The paper Can LinkedIn and Academia.edu Enhance Access to Open Repositories? will be presented at OR2012 by Brian Kelly, University of Bath, and Jenny Delasalle, University of Warwick.
Kelly explains on his blog on ukwebfocus how he got the idea for the paper: "I found that I was author of 15 of the most downloaded papers in the repository from my department." And what the paper is about: "The paper explores [...] possible reasons for the high visibility of these papers [...] It occurred to me that my willingness to make use of researcher profiling services services such as Academia.edu, ResearcherID, Scopus, Researchergate, Mendeley, Microsoft Academic Search and Google Scholar Citations may have helped to enhance the visibility of my research papers which are hosted in the University of Bath repository."

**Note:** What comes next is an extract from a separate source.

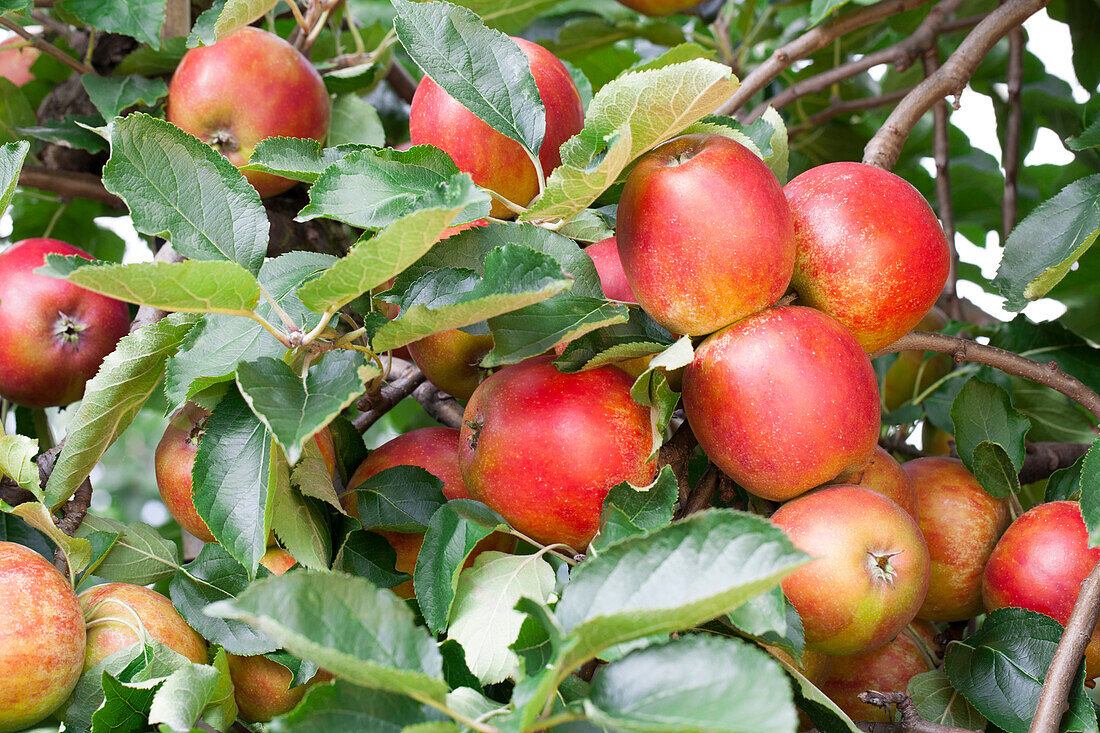 Malus domestica Braeburn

The deployment of institutional repository services has focussed on the development of services for managing content within the organisation or by a trusted agency. At the same time we have seen developments to support management of the use of metadata to maximize access to content hosted in repositories. Related technical approaches, such as 'cool URIs' can also make content more discoverable by search engines such as Google. In parallel we are witnessing the increasing take-up of a range of third-party services such as LinkedIn and Academia which are being used by researchers to publish information related to their professional activities, including details of their research publications. The paper provides evidence which suggests that personal use of such services can increase the number of downloads by increasing SEO (Search Engine Optimisation) rankings through inbound links from highly ranked web sites. A survey of use of such services across Russell Group universities shows the popularity of a number of social media services. In the light of existing usage of these services this paper proposes that institutional encouragement of their use by researchers may generate increased accesses to institutional research publications at little cost to the institution. This paper concludes by describing further work which is planned in order to investigate the SEO characteristics of institutional repositories.